Thursday 12 March 2015

Shocking curiosity

Courtesy of Suat Eman at
FreeDigitalPhotods.net
     'Whatever you do, never, ever, stick your finger in here' said
      my 11-year-old brother.

Tony, my elder sibling, was standing in our living room with the table lamp in his hand. He was pointing at the opening where the light bulb would go. I was aware that the lamp had been without a bulb (and shade) for some time; each morning, prior to leaving for work, my dad would plug his electric shaver into this socket.

‘Why not?’ I asked.
      ‘Just don’t do it’, said Tony. ‘If you do you’ll get electrocuted.’

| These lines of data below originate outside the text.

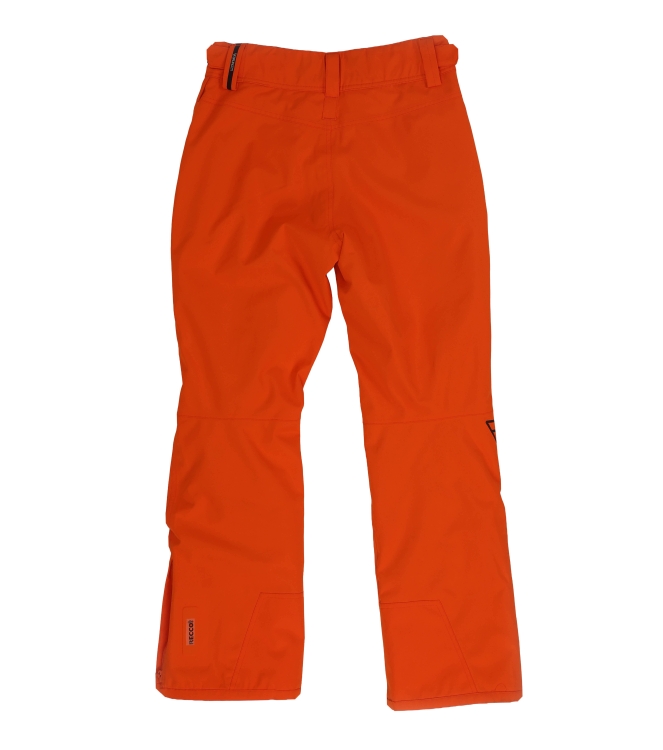Brunotti Broek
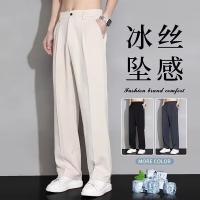 cms/erpbt/backend/web/uploads/erp/collection/images/Men Clothes/YANGJI/EN0144498/img_b/EN0144498_img_b_1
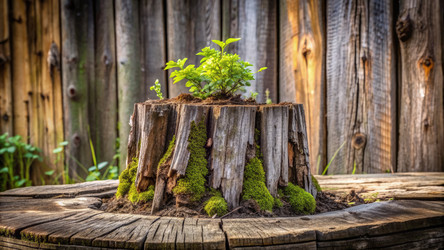 Similar image 22623715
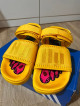 Limited Edition (PHARRELL WILLIAMS HUMAN RACE SANDALS)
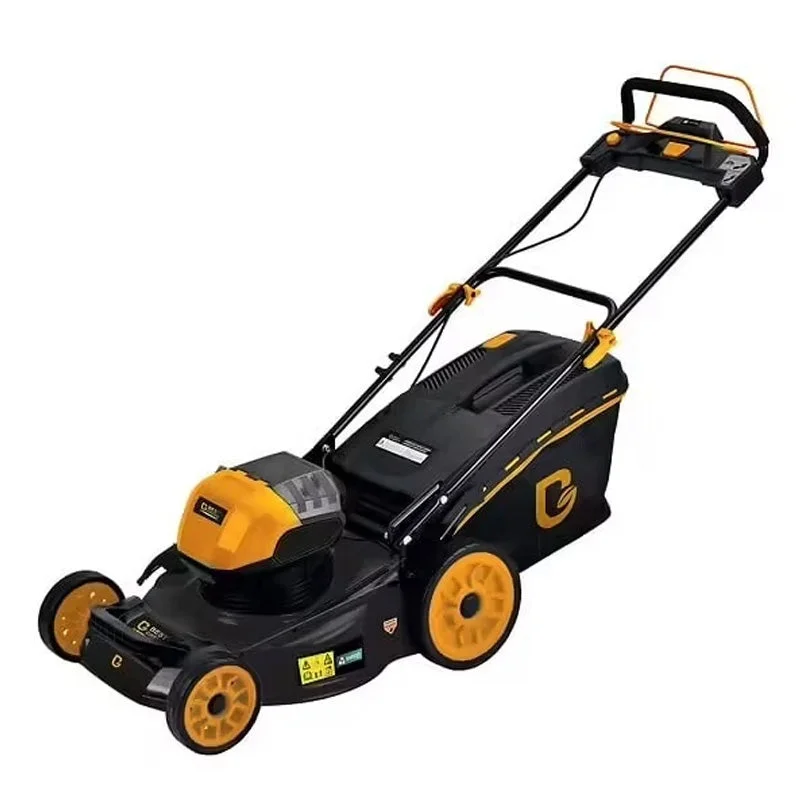 racetools5030644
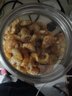 太湖?！卷権S】太湖白蝦蝦干 可即食太湖三白特產(chǎn)淡水河蝦仁干貨生鮮 白蝦蝦仁（250g*2袋) 曬單實拍圖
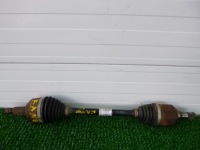 фото thumb №1, Renault kangoo iii z.e 2016r приводной вал левая 391014031r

When Tony left, and I was alone playing on the carpet with my Lego, I struggled to maintain concentration on building my plastic-brick tower. My gaze repeatedly drifted to the lamp socket. It looked harmless enough; brown plastic casing circling two small holes. And what did ‘electrocuted’ mean? To my 7-year-old mind, anything with the word ‘cute’ in it couldn’t be that bad; my grandmother called me it all the time.

As the morning progressed, my bottom (and plastic tower) shuffled ever nearer to the lamp until I was in touching distance of that two-holed curiosity. Tentatively, as if extending a hand towards a sleeping Rottweiler, my fingers brushed the plastic casing, before snatching them back. Nothing happened. Tony must have been trying to scare me again; one of his favourite pastimes.

I approached the socket a second time, my index finger outstretched. It hovered at the entry, before plunging into the abyss.

My recollection of what happened next is vague and fragmented. I recall a searing vibration shooting along the length of my arm, as if I was clinging to a giant locust. Moments later I was lying on my back, in the middle of our living room, surrounded by Lego bricks, with a whiff of singed flesh in my nostrils.

To this day I remain uncertain as to my big brother’s motive in issuing his warning about that light socket. He knew I was a curious boy who always sought explanations and who was inclined to experiment to find answers. Almost half a century on, when I reminded him of the incident, he claimed no memory of it, adding that, if he said such a thing, it would have been fuelled by a desire to keep his little brother safe. I continue to doubt; after all, a few months earlier he had almost expired after I locked him in a suitcase. Nevertheless, we remain the closest of brothers, perhaps fused in friendship by having both – miraculously - survived our childhoods.